(cba:news) Struggling with Olde Whiteface

Joe Patterson jop at astro.columbia.edu
Mon Jul 7 09:44:55 EDT 2003

A number of CBAers have been waging a good fight with 15th mag dwarf novae
this week.  But it has also been very hazy in the eastern USA through the
week (actually since March)... and I wanted to toss in some remarks about
photometry, in case you find them useful.

In theory, clouds equally cover the comparison star, the variable, and the
sky annulus.  Then the software can do the appropriate
subtraction/division to yield a delta-magnitude of reasonable quality.
Degraded by extra noise, but still reasonable.

We usually don't consider the possibility that clouds systematically
prefer the variable to the comp, or vice versa.  Too Oliver-Stone-ish for
normal science.

But sky background, now that's another story.  You can basically rely on
clouds to extinct stars pretty equally... but the effect of sky background
depends very greatly on how lit up the clouds happen to be.  Brightly lit
clouds *increase* the counts when you're observing a faint star, but
*decrease* counts when you're observing a bright star.  You might think,
"well, doesn't the delta-mag extraction take that into account?"  Yes,
sort of... in theory it does.  But we are afflicted with ambitious hopes
and modest scopes - so when moonlit clouds arrive in our data, sometimes
the counts are entirely dominated by noise in the rapidly varying sky
brightness, and the delta-mag has little to do with the target star.
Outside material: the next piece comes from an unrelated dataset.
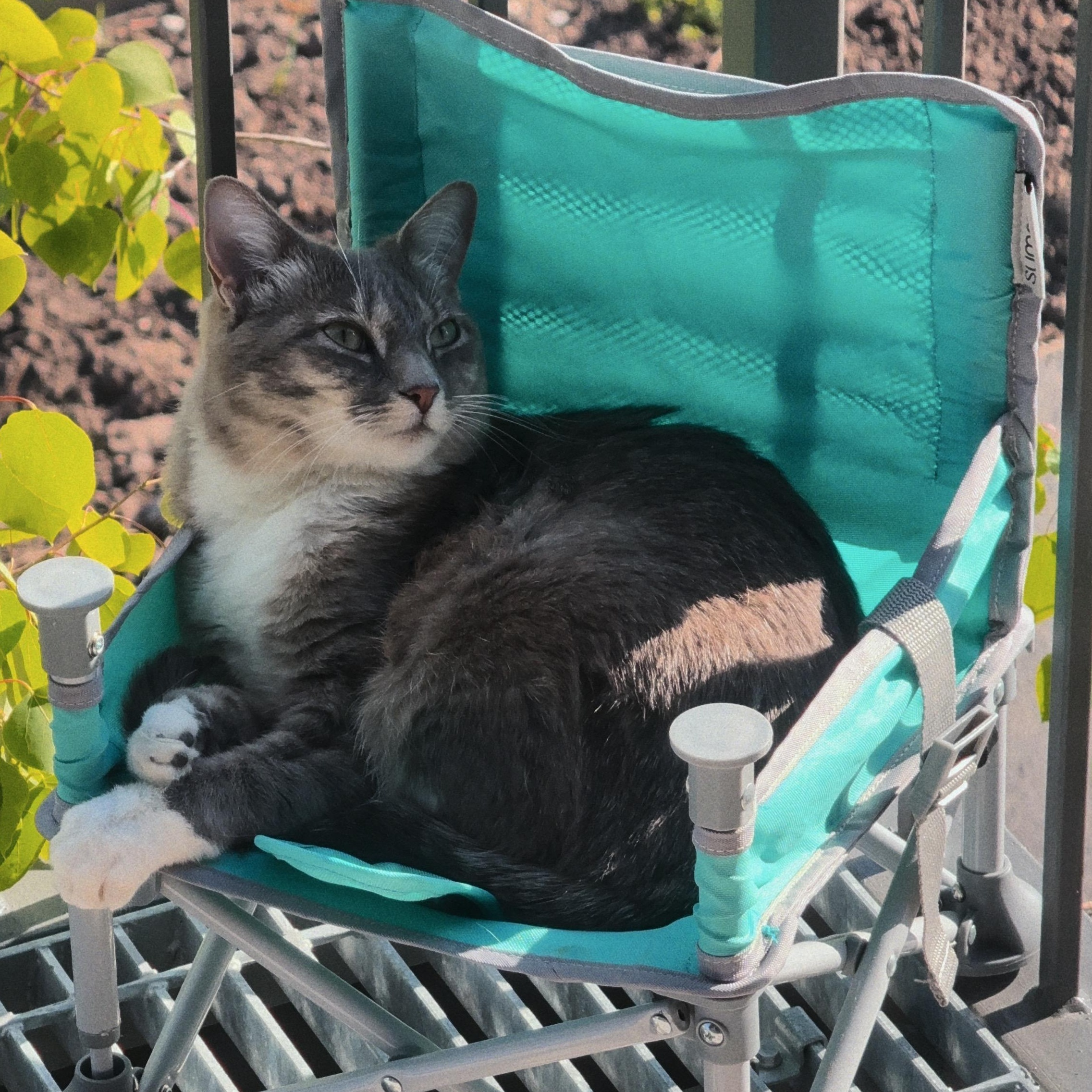 Enlarge Juniper, an adopted Domestic Medium Hair in Newport, OR image 1/3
You can expect this scenario to kick in when the stars (either star) are
faint and the sky background bright and varying.  Proximity to the Moon is
additionally deadly, since your general sky inspection may underestimate
the perils in the exact pointing direction.  This is a pretty good
description of V699 Oph in the last week, for many observers.

You can evaluate the peril by inspecting individual frames, to see if the
stars are actually swamped by sky counts.  Or, you can switch to a
brighter star.  All these problems are much ameliorated when you go to a
brighter star.

Speaking of which... anyone ever heard of V603 Aquilae?